#### Exercise goal
Leave the pictures out. Return the rest of the listing below exactly.
Listed records Block Start
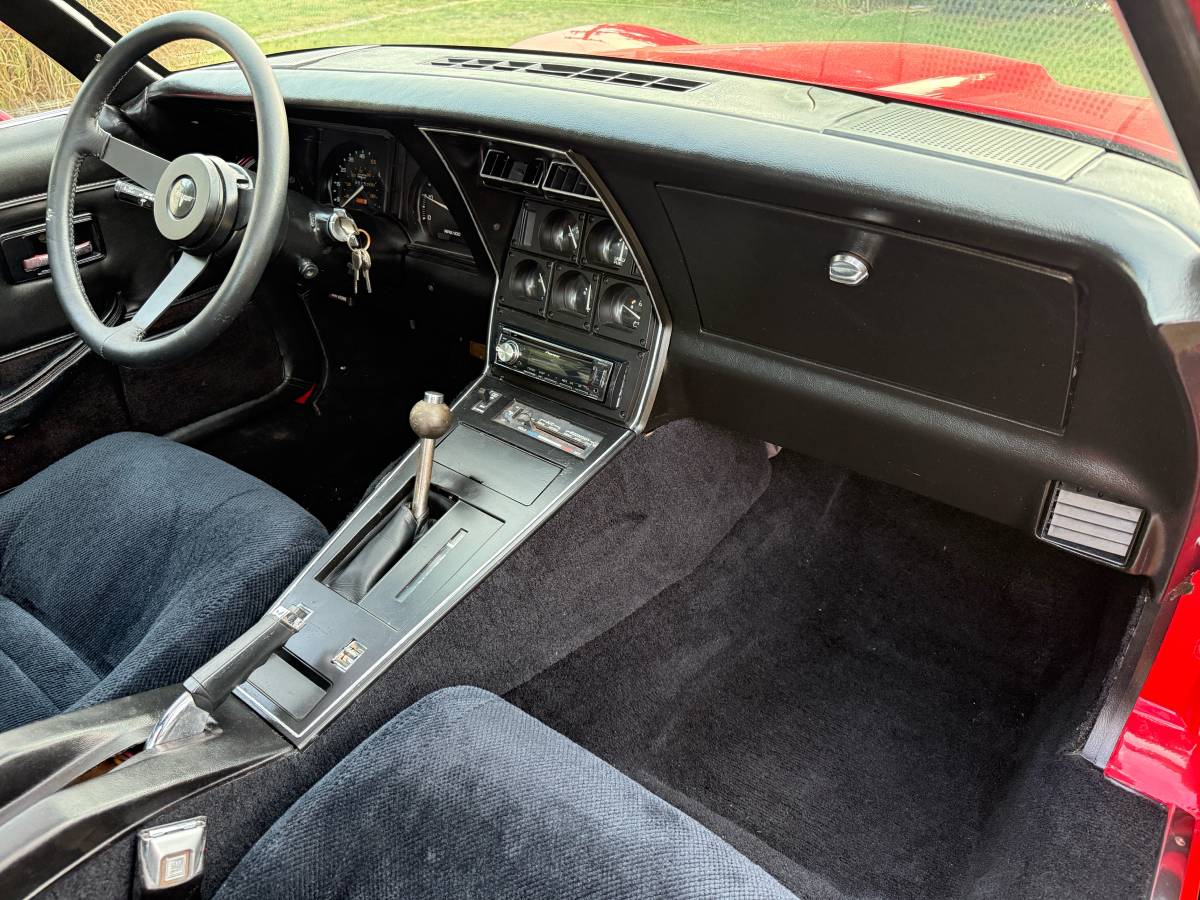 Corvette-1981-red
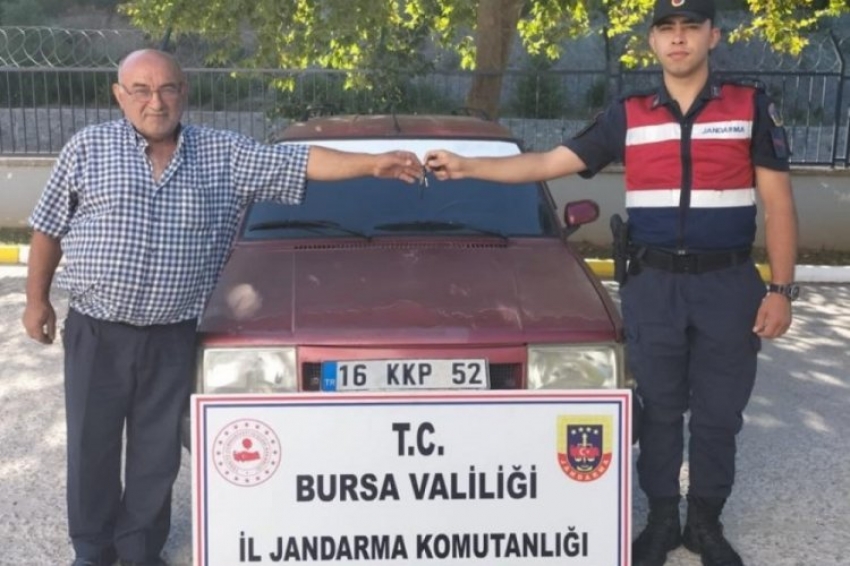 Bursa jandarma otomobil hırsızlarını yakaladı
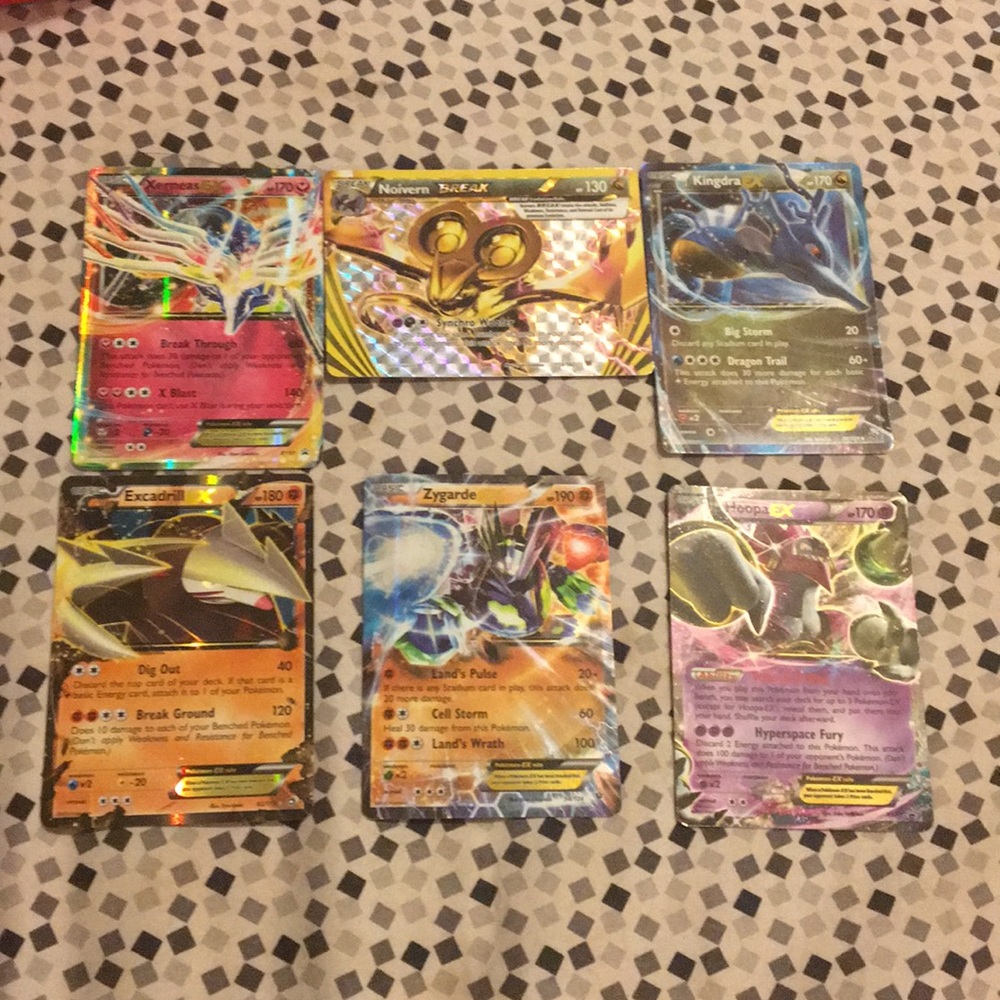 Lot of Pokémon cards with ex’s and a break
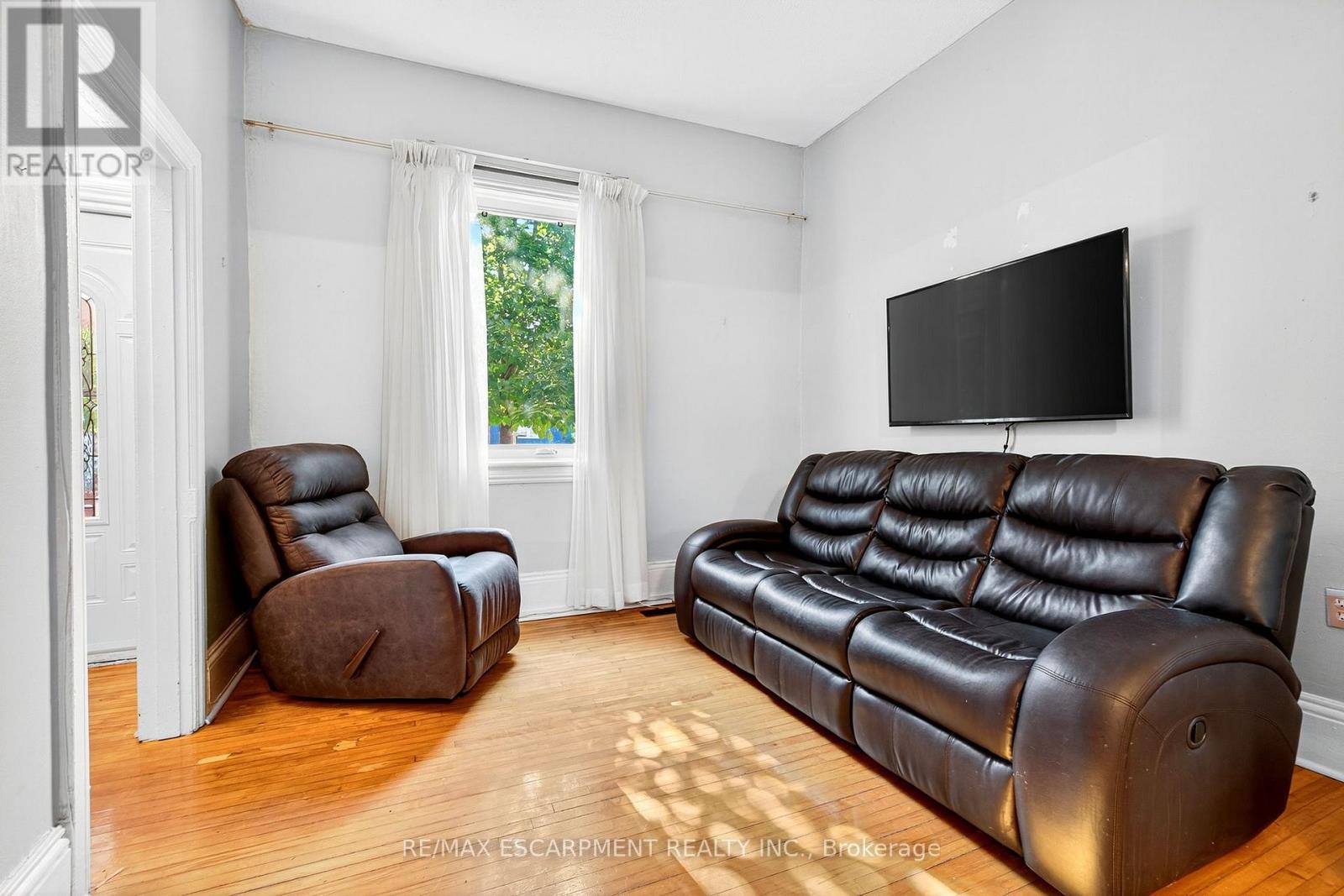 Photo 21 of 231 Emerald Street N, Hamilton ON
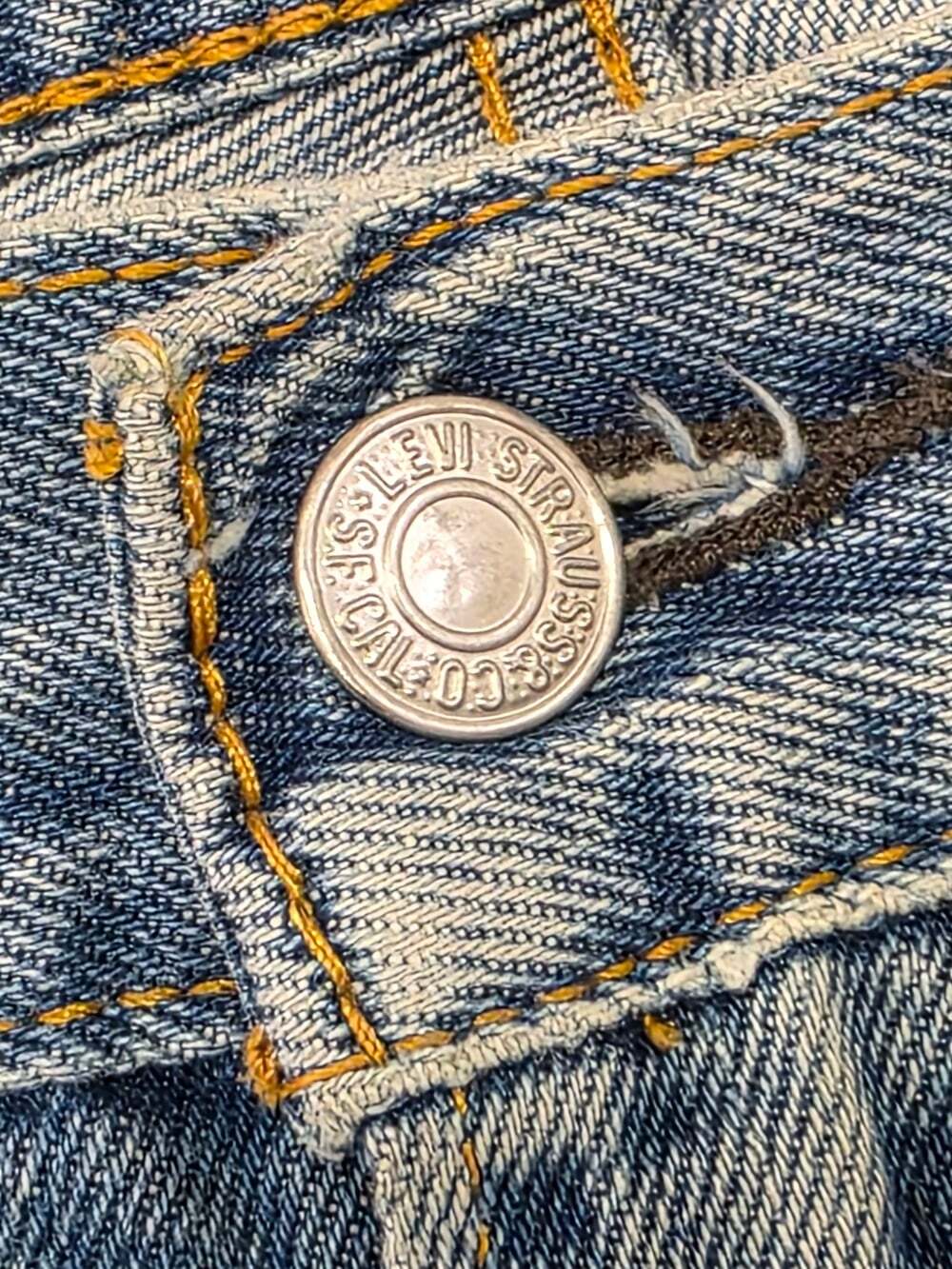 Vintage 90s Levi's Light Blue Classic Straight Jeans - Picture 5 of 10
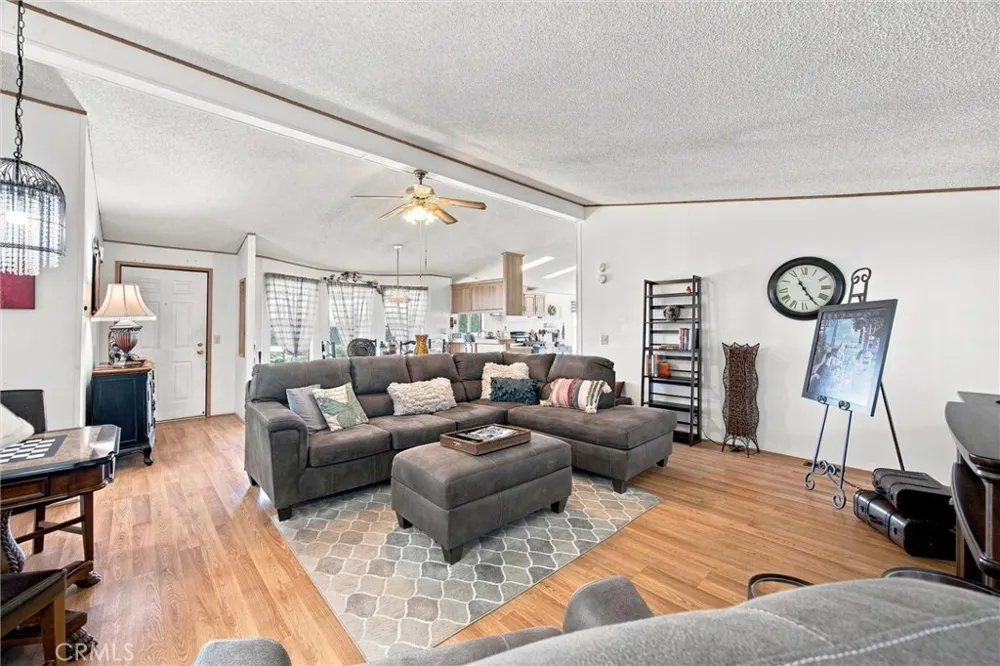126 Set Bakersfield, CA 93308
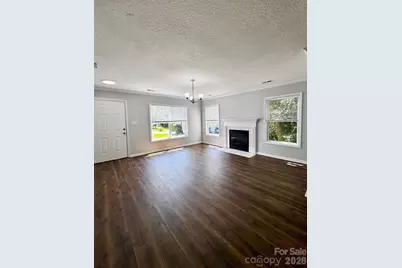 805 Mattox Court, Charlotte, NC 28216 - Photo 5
Listed records Block End
#### Finished task
 Corvette-1981-red
 Bursa jandarma otomobil hırsızlarını yakaladı
 Lot of Pokémon cards with ex’s and a break
 Photo 21 of 231 Emerald Street N, Hamilton ON
 Vintage 90s Levi's Light Blue Classic Straight Jeans - Picture 5 of 10
126 Set Bakersfield, CA 93308
 805 Mattox Court, Charlotte, NC 28216 - Photo 5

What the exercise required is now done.